【作戦会議Ⅳ】
「よし、実行犯はグレンダという前提で作戦を進めよう。 だが決してジェシーをシロと認定したわけではない。 彼女への監視は続行する。 皆もそれで良いな。」
全員の賛同が得られた事で対象者は決定した。
次に問題になるのは行動を起こすタイミングだ。
「作戦の決行日はいかがされますか? 旦那様のお許しが頂けるのなら、明日にも餌を撒きますが?」
「さすがに明日は急ぎ過ぎだろう。 決行日は三日後とする。」
「承知しました。
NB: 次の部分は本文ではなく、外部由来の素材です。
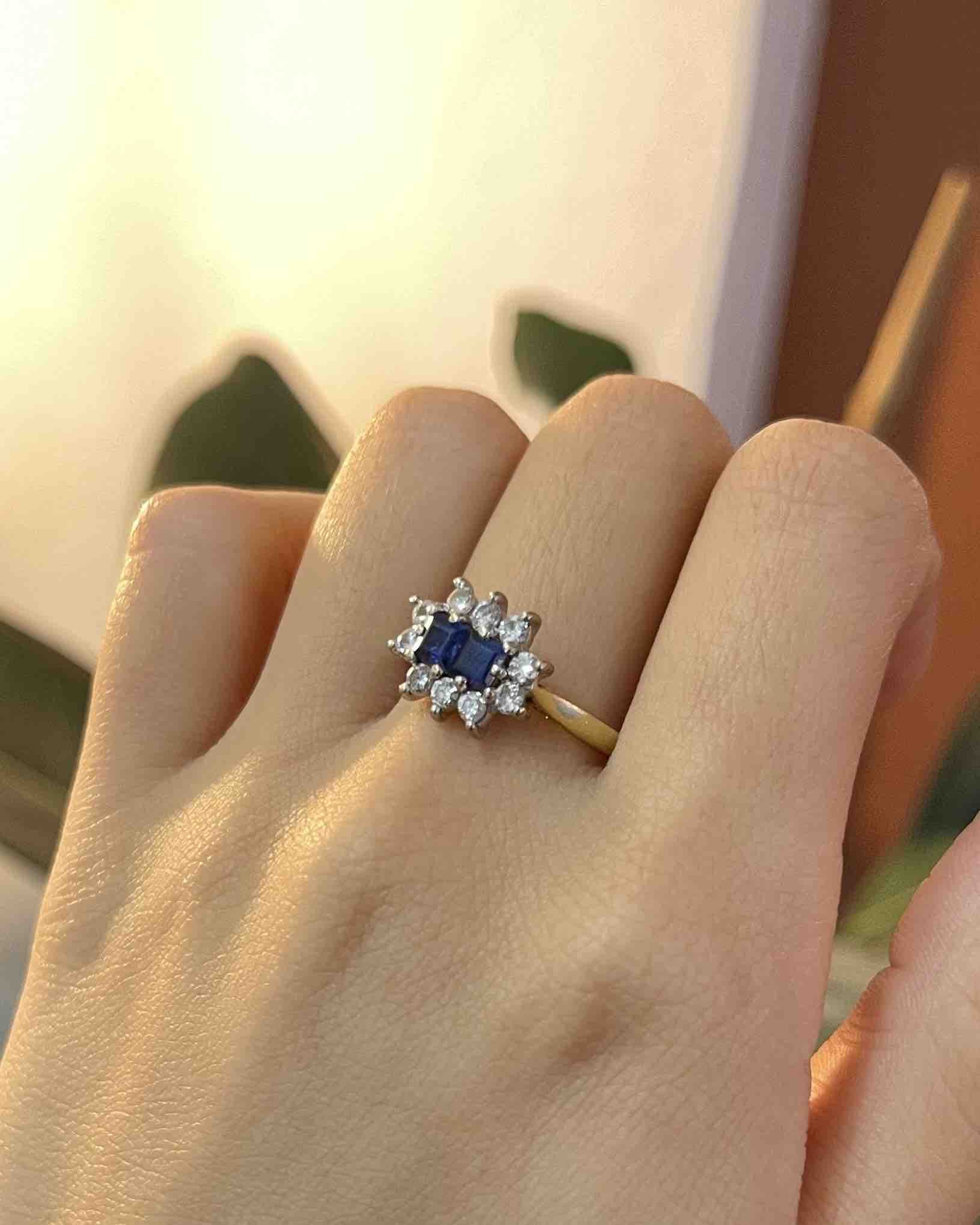 "Wallie" Daisy Sapphire &amp;amp; Diamond Ring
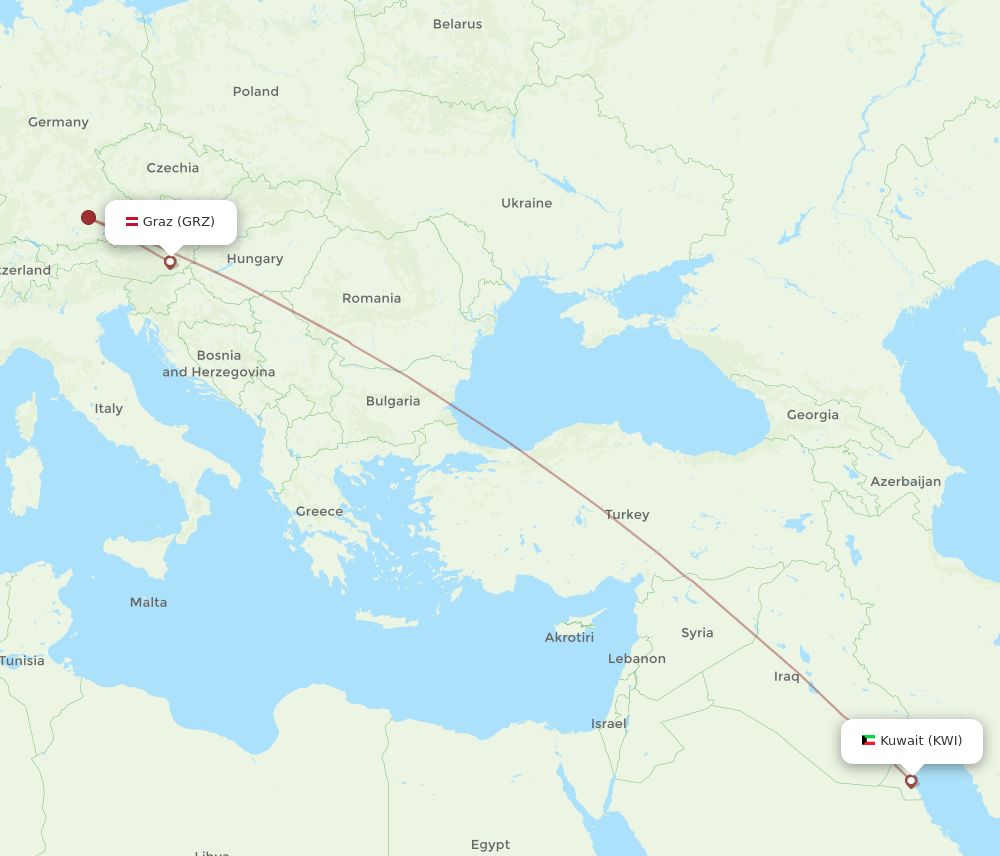 KWI-GRZ flight routes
」
「でもマーサ、相手は本当に餌に喰いつくかしら・・・?」
「お嬢様、彼女はまず間違いなく喰いつくはずです。 そもそも前回と同じ事を命じるだけなので、罠とは気付かないでしょう。 それに罠をかけられる事を恐れて、行動を思いとどまるだけの心の余裕が彼女に残っているとは思えません。」
「普通に考えればそうだけど・・・」
「それでは旦那様が近々ランドンに戻るという偽の情報を彼女に与えましょう。 早めに決着をつけたいのなら三日後がラストチャンスであると、彼女に強く意識させるのです。」
「分かった、マーサの意見を採用する。」
「ありがとうございます。」
「ところでお父様、当日の作戦本部を決める必要があると思います。 普通であればこの執務室で良いのですが、何しろ当日の舞台になるのがこの部屋ですから、絶対に使えません。」
「そうだな・・・当日の作戦本部は別館を使う。 あそこが一番都合が良かろう。 マーサ、念のため当日は他人払いをしておいてくれ。」
「承知しました。」
王都屋敷の別館は本館に隣接した小さな建物である。
普段は使われておらず、人の出入りもほとんど無いため、サアラも作戦本部の第一候補として別館を考えていた。
そのためこの問題は簡単に決着した。
こうして作戦は三日後に開始される事になった。
その後も四人は当日の役割分担について、細かい打ち合わせを続けるのだった。